- [What this task involves]:
Copy the data exactly; pictures stay out of the copy.

- [Exercise data]:
═══

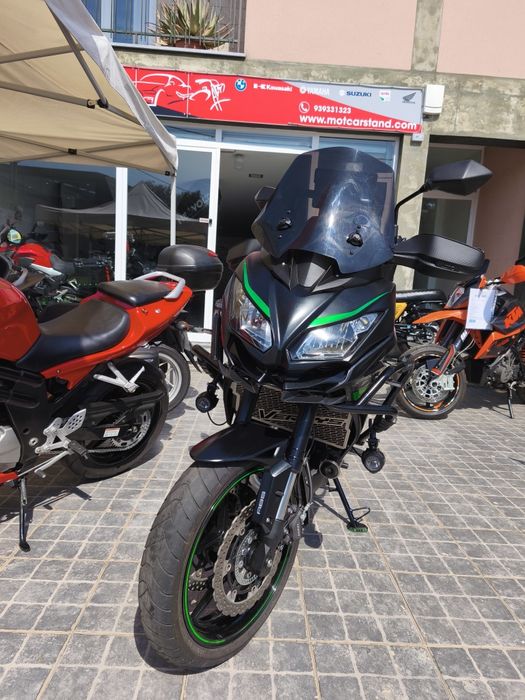 Kawasaki versys 650 em excelente estado
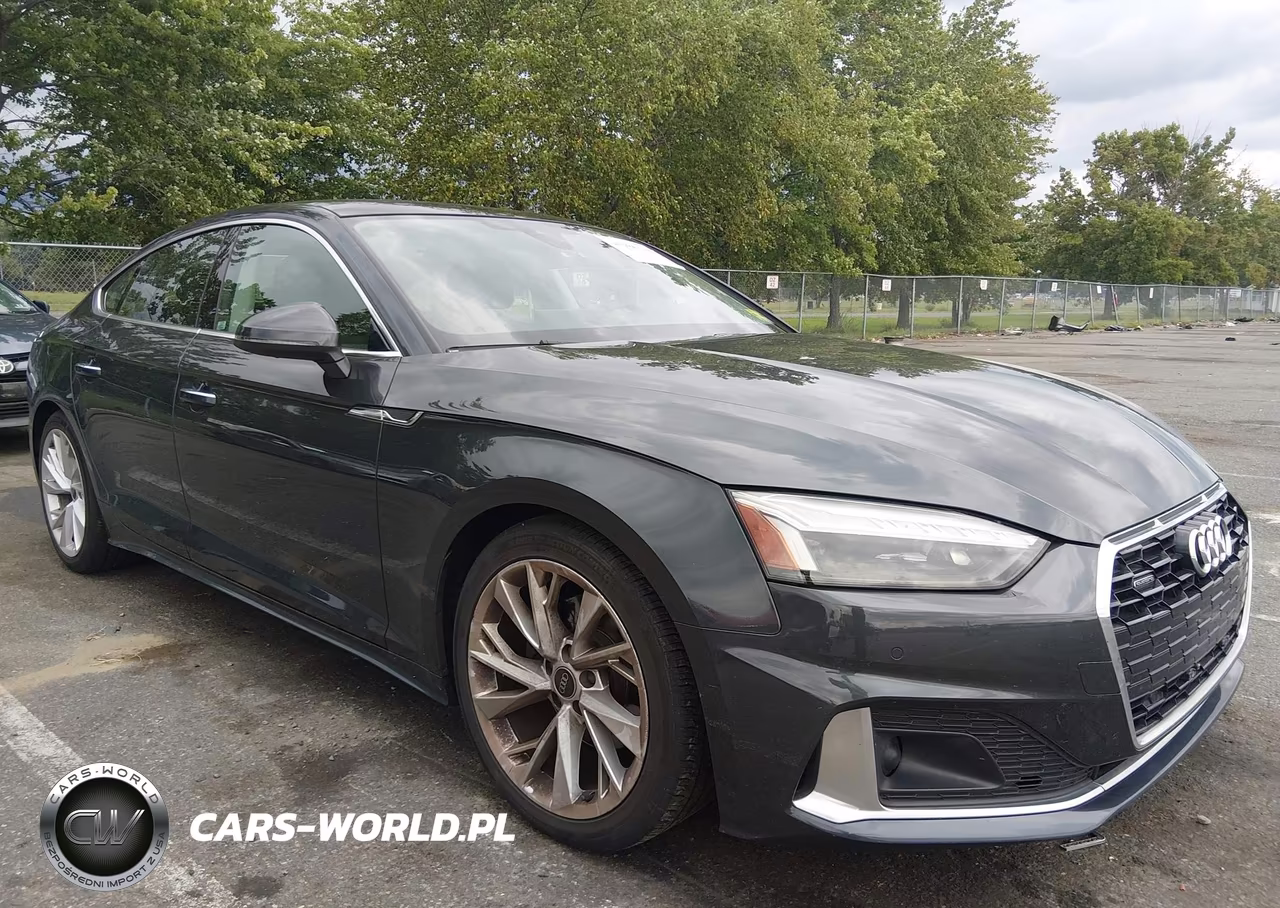 2021 Audi A5 Sportback Premium Plus 40 Tfsi Quattro S Tronic VIN:WAUCBCF53MA022082 - 6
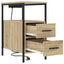 Natskab 2 pcs Sonoma eg 30 x 48 x 61 cm Konstrueret træ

═══

- [Task result]:
 Kawasaki versys 650 em excelente estado
 2021 Audi A5 Sportback Premium Plus 40 Tfsi Quattro S Tronic VIN:WAUCBCF53MA022082 - 6
 Natskab 2 pcs Sonoma eg 30 x 48 x 61 cm Konstrueret træ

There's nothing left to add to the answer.